Yellow-crested helmetshrike
- Conservation status: Vulnerable (IUCN 3.1)

Scientific classification
- Kingdom: Animalia
- Phylum: Chordata
- Class: Aves
- Order: Passeriformes
- Family: Vangidae
- Genus: Prionops
- Species: P. alberti
- Binomial name: Prionops alberti Schouteden, 1933

= Yellow-crested helmetshrike =

- Genus: Prionops
- Species: alberti
- Authority: Schouteden, 1933
- Conservation status: VU

Species of bird

The yellow-crested helmetshrike (Prionops alberti) or King Albert's helmetshrike is a species of bird in the Vanga family Vangidae. This large, striking helmetshrike is unique in its black plumage and bright yellow crest. Though this species has been encountered broadly across the mountains of the eastern Democratic Republic of the Congo, there is still much to learn about this species. It is rarely reported due to the majority of its distribution occurring in relatively remote regions within the Albertine Rift, an area with ongoing armed conflict.

==Description==

===Appearance===

Adults are generally all black with a bright yellow or gold crest (sometimes described as a "helmet"), with the yellow extending across the entire top half of the head above the eyeline and extending backwards behind the eye. The greenish-yellow irides are surrounded by an orange eye-wattle; the bill, like the plumage, is black, though the legs and feet are reported to be light red. Individuals can be quite variable in terms of crest color, ranging from grayish-white to pale yellowish to bright gold, with variation possibly attributable either to individual variation or to wear. "Berlioz" (likely Jacques Berlioz) communicated that the yellow pigments in the crest feathers are "soluble in benzine, alcohol, and to some extent even in water". Some birds also have varying amount of gray or white in the webbing of the primaries, but some birds are wholly black.

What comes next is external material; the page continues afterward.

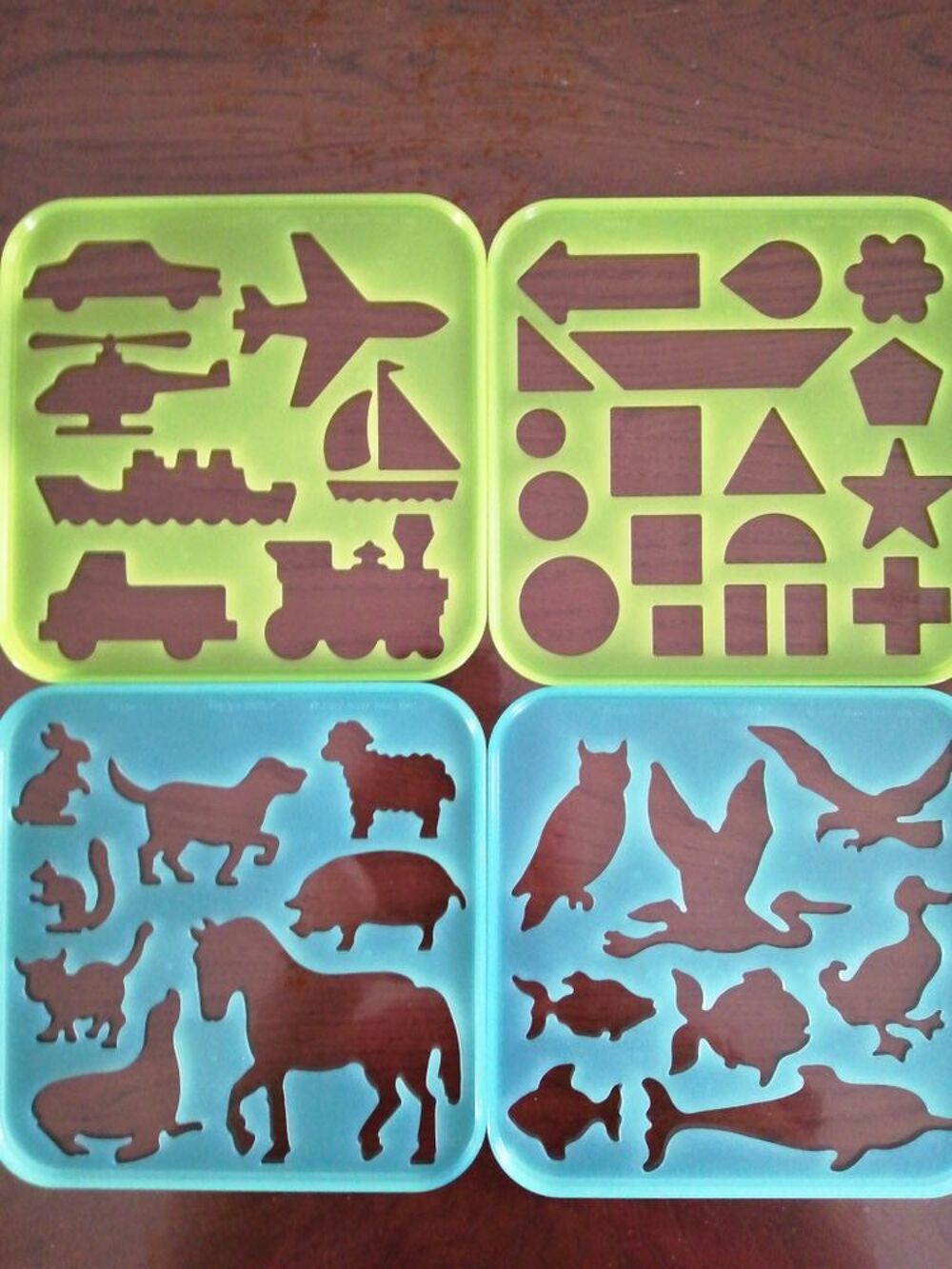 Pochoirs &agrave; dessins Jeux / jouets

Young birds have whitish crowns that appear dirty or faintly yellow. The bills of juveniles are likely light red, not black.

Sexually monomorphic.

===Vocalizations===

The call has been described as a two-parted "tlu-uk" or "clu-uk" in the field, repeated as many as six times. Responds strongly to alarm calls from other individuals.

==Taxonomy==

The yellow-crested helmetshrike is a member of the family Vangidae. This species, along with other members of the genus Prionops, was formerly considered a member of the family Malaconotidae. Little is known about this species, and its taxonomic placement within the genus Prionops is uncertain. It is a monotypic species. Its specific epithet comes from King Albert I of Belgium, as the species' type locality was located what was then the Belgian Congo.

==Distribution and habitat==

===Distribution===

It is endemic to the Democratic Republic of the Congo, with all confirmed records found from the Lendu Plateau west of Lake Mwitanzige (also known as Lake Albert) in the north to Mount Kabobo in the south. It has been suspected to occur outside of the Democratic Republic of the Congo, as the type specimen is from Mount Mikeno near the border between the Democratic Republic of the Congo and Uganda, and a sight record of a flock exists from nearby Mount Nyiragongo. Furthermore, a hypothetical sight record exists for Bwindi Impenetrable Forest in Uganda.

===Habitat===

Its natural habitat is subtropical or tropical moist montane forest in the Albertine Rift, largely between the elevations of 1120–2500 m in elevation. Birds have been reported foraging in Hagenia trees on Mount Kahuzi. However, the type specimen was found dead ("mummified") on the summit of Mount Mikeno at 4,400 m in elevation; this record is both above the montane forest zone usually inhabited by this species and it is one of the most remote records of the species, leading to speculation that this is an extralimital individual. It has been suspected that this species may undertake seasonal altitudinal migration.

==Behavior==

===Foraging and general behaviour===

The species is insectivorous, actively searching and hunting for arthropods in fast-moving groups of up to 14-20 individuals in the forest canopy, similar to other Prionops. So far as is known, this species is non-migratory, but elevational movements may occur seasonally.

===Reproduction===

The nest is undescribed.

Chapin suspected that the species does not have a small, discrete breeding season in the northern part of its distribution. Juvenile birds have been reported from Lutunguru, North Kivu between mid-August and October, leading Alexandre Prigogine to suspect that eggs are laid sometime in June or July.

==Conservation==

It is threatened by habitat loss.

As of 2024, the species is considered vulnerable by the International Union for Conservation of Nature.

The yellow-crested helmetshrike, previously categorized as a lost species, was rediscovered by biologist Michael Harvey's team during a six-week expedition to the Itombwe Mountains in December 2023. They encountered 18 of the elusive birds in three locations, suggesting a potentially healthy population.